A US – China G-2 platform may not be sufficient for the resolution of the persistent and urgent global challenge of excessive payments imbalances even though imbalances between these two nations make up the biggest proportion of the global imbalances. The total elimination of other equally important countries like Japan, Germany and blocks like the European Union and probably Africa could obscure the effort. Domestic political orientations of both countries such as the authoritarian political regime of China and the vibrant democracy of the US and their effects on microeconomic choices cannot be easily discounted. However, issues such as the looming demographic challenges make it imperative for these two countries to collaborate. The aging population of the US and the ‘one child policy of China’ are all pointers to serious future challenges which they must begin to address today, by considering alternative policy choices.

The actions and inaction of the two countries over the years have also frustrated and delegitimized the efforts and surveillance mechanisms of the IMF and the G-20 grouping and time has come for them both to collaborate and behave in the general good of the global economy.

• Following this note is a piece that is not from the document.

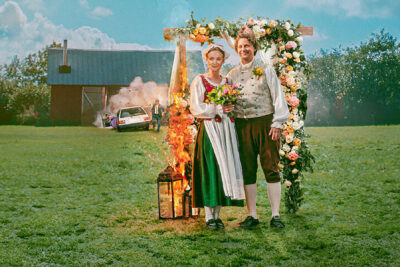 «El caos está en el aire»: La comedia romántica sueca desafía las tradiciones nupciales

Addressing the challenge of global imbalances must begin by identifying the origins of the problem, which could be found in the diverse political orientations of nations and their influences on domestic microeconomic policy choices and the effects of international economic and political muscle of different countries and their eventual delegimization of the IMF and its multilateral surveillance processes.

Internal political influences cannot be wished away, but progress requires close and effective economic coordination among countries and regions probably through the IMF and the G-20. Cooper (2010) rightly posits that the concern for bridging the global trade imbalances so as to deal with the collapse of the financial system must place emphasis on restricting the international flow of capital and find means to control the level of globalizing the world economy since the freedom of continuous capital movements combined with other demographic dynamisms entail a pill-up of international assets and liabilities of countries.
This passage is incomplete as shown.